A Sunday on the Piedmont Farm Tour: Mushrooms, Goats, Strawberries, and a Better Look at Local Food
We finally made it to the Piedmont Farm Tour, spending a spring Sunday visiting five farms near Raleigh for mushrooms, goats, strawberries, local food, and a closer look at the work behind sustainable agriculture in North Carolina.

I had heard about the Piedmont Farm Tour for years before I actually made it there.
Some years we were out of town. One year we went to Brewgaloo instead. It was one of those local events that kept sitting in the back of my mind as something I wanted to do eventually, especially because so much of my work and personal interest tends to circle back to local food, sustainability, and agriculture.
This year, the timing finally worked. And it felt especially worth making happen because my friend Angelika is moving back to Germany next year, so this was likely her last chance to experience it while living here.
The day before, Daniel and I had gone to Raleigh City Farm’s 15th Bearthday celebration. I volunteered at the event, and Daniel walked through the farm and vendors before it started. There was live music, and local chefs cooked meals using food grown on the farm. It ended up being the perfect lead-in: one day at an urban farm right in Raleigh, followed by a Sunday spent driving through the Piedmont to see farms operating on a larger and very different scale.

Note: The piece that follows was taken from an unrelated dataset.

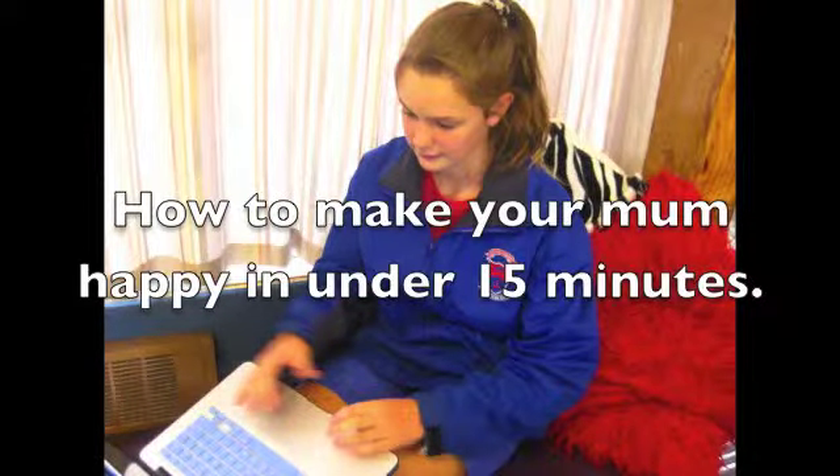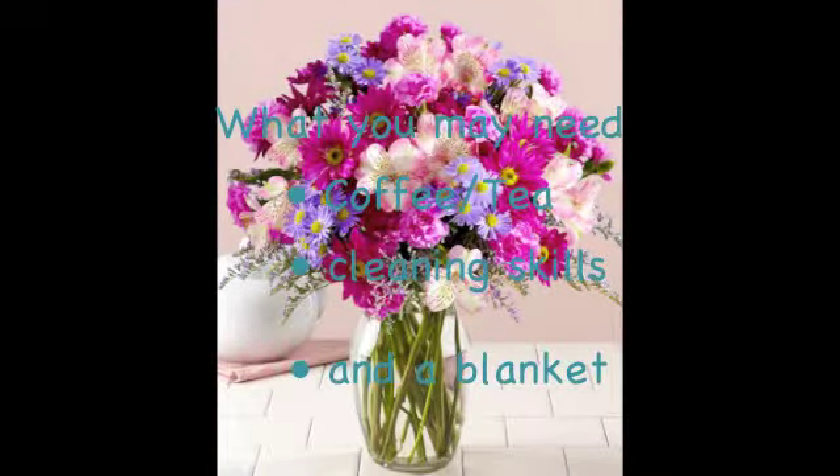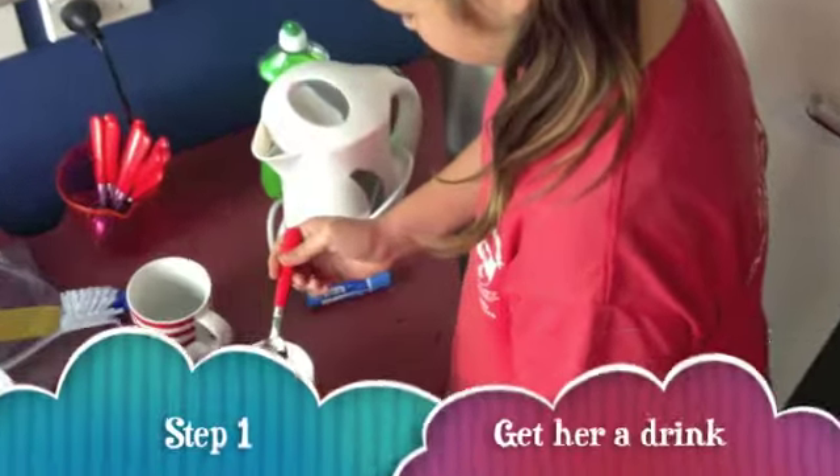How to make your mum happy in under 15 minutes. You know sometimes when your mum makes excuses like, 'No Amy, we don't have enough money yet.' We've all heard that. What you may need: coffee, tea, cleaning skills, and a blanket.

So on Sunday morning, Angelika, her boyfriend Tegan, and I left Raleigh around 11 a.m. with a route planned around three things we really wanted to see: mushrooms, goats, and strawberries.
We ended up visiting five farms:
- Haw River Mushrooms
- Green Heal Farms
- The Inn at Celebrity Dairy
- Chatham Oaks Farm
- Little Pond Gardens at The Plant

We got back to Raleigh around 6:30 p.m., tired in the good way, with strawberries, goat cheese, mushroom coffee, and a much better sense of what local agriculture looks like when you get out of the grocery store and onto the farms themselves.
What is the Piedmont Farm Tour?
The Piedmont Farm Tour is an annual spring farm tour hosted by the Carolina Farm Stewardship Association and Weaver Street Market. Farms across the North Carolina Piedmont open their gates for visitors, with each stop offering a different look at local agriculture.
Some farms are focused on produce. Some have animals. Some are growing mushrooms, flowers, berries, or trees. Some offer guided tours, food, farm stands, or activities for kids. The point is not to do everything. The point is to build your own route based on what you are most curious about.
For us, that meant choosing a loop that would let us see mushroom farming, goats, strawberries, and a few different approaches to sustainable and regenerative agriculture without backtracking too much.
It was our first year going, and I can already see why people make a tradition out of it.
Starting with Haw River Mushrooms
Our first stop was Haw River Mushrooms, and I am glad we started there because mushroom farming is so different from the kind of farming most people picture.
Instead of open fields, the visit took us through a much more controlled growing process: substrate preparation, growing rooms, and the kind of careful indoor operation that makes mushrooms feel almost halfway between farming and science. We toured the full process, from how the substrate is made to how the mushrooms are grown, with owners and growers Ches and Laura Stewart. Laura gave us the tour, while Ches was helping cook all the mushroom dishes people were sampling that day.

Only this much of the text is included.